February 23, 2010
TO THE MEMBERS OF THE UNITED STATES CONGRESS:
The U.S. Chamber of Commerce, the world's largest business federation representing the interests of more than three million businesses and organizations of every size, sector, and region, would like to express its support for H.R. 4645, the "Travel Restriction Reform and Export Enhancement Act," introduced by Rep. Peterson. The Chamber supports efforts to broaden economic engagement with Cuba in the belief that additional commercial and people-to-people contacts will help advance democracy and the rule of law.
Enabling Americans to travel to the island and expand already legal export operations is an important first step in reforming U.S. policy toward Cuba. For five decades, unilateral sanctions and a ban on travel have allowed the Cuban regime to blame their own economic mismanagement on Washington.
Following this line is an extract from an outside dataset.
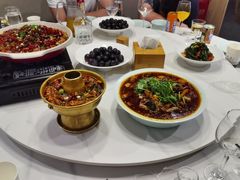 -全牛匠·乐山跷脚牛肉(望京店)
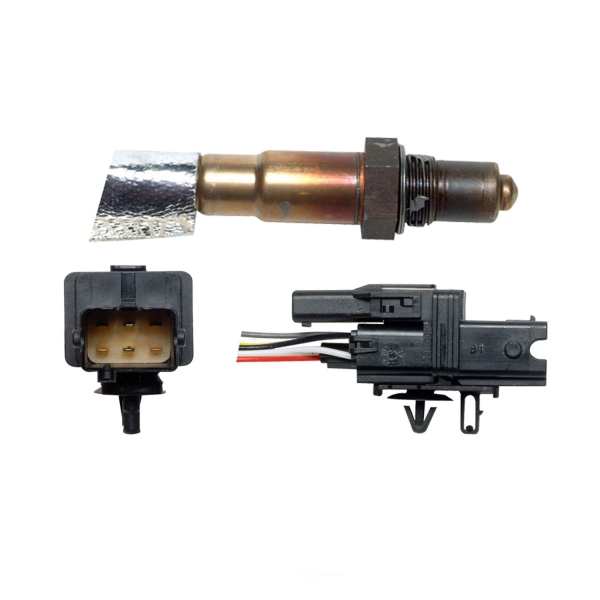 Denso Air Fuel Ratio Sensor 234-5702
Rather than encouraging Cuba to democratize, these measures have arguably helped prop up the Communist regime. At the same time, denying U.S. companies access to the Cuban market has bolstered third-country competitors.
Prior to the embargo, the United States accounted for nearly 70 percent of Cuba's international trade. Cuba was the seventh-largest market for U.S. exporters, particularly U.S. farmers and ranchers. The U.S. International Trade Commission (USITC) estimated in 2001 that the Cuba embargo costs American exporters up to $1.2 billion annually in lost sales, and this sum has likely grown over the past nine years. Facilitating agricultural exports to Cuba would restore the natural competitive advantage of U.S. agricultural products in Cuba.
Because of the need to reform U.S. policy toward Cuba, the Chamber urges you to pass H.R. 4645 swiftly as an important first step toward a policy more likely to bring change to Cuba and commercial benefits to the United States.